● **What to produce**
Output, exactly as written, the lines below starting at the line containing "More Introduction Comprehensive" and ending at the line containing "фото Сумка bimba y lola". Drop the pictures and keep both end lines.

● **Provided entries**
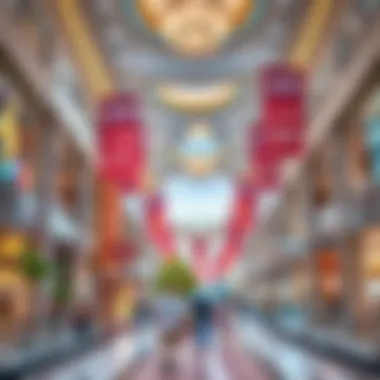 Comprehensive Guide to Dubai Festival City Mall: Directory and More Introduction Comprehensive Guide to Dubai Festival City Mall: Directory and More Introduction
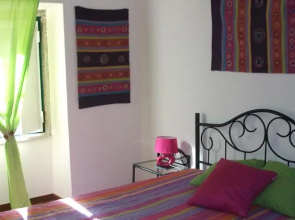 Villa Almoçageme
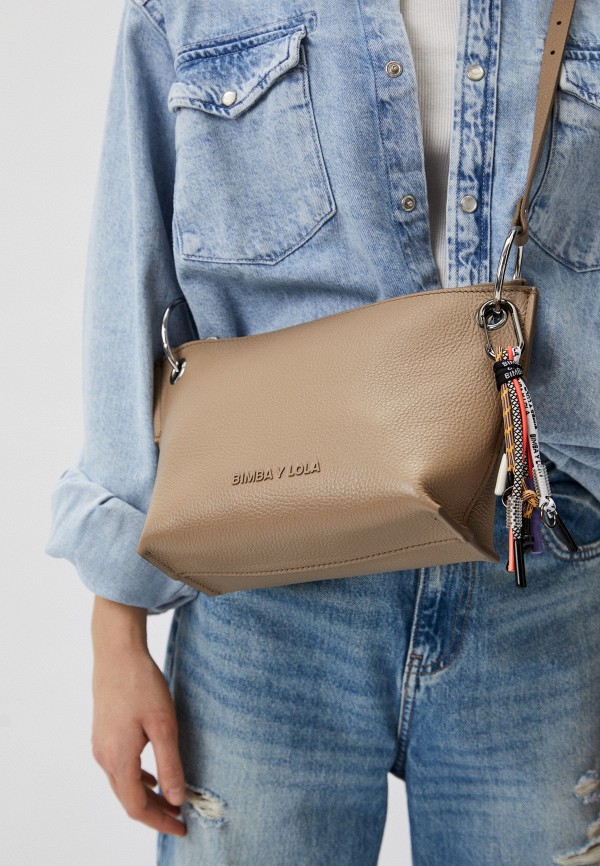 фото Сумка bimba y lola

...

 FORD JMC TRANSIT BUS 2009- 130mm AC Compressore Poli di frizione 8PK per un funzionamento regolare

● **Answer space**
 Comprehensive Guide to Dubai Festival City Mall: Directory and More Introduction Comprehensive Guide to Dubai Festival City Mall: Directory and More Introduction
 Villa Almoçageme
 фото Сумка bimba y lola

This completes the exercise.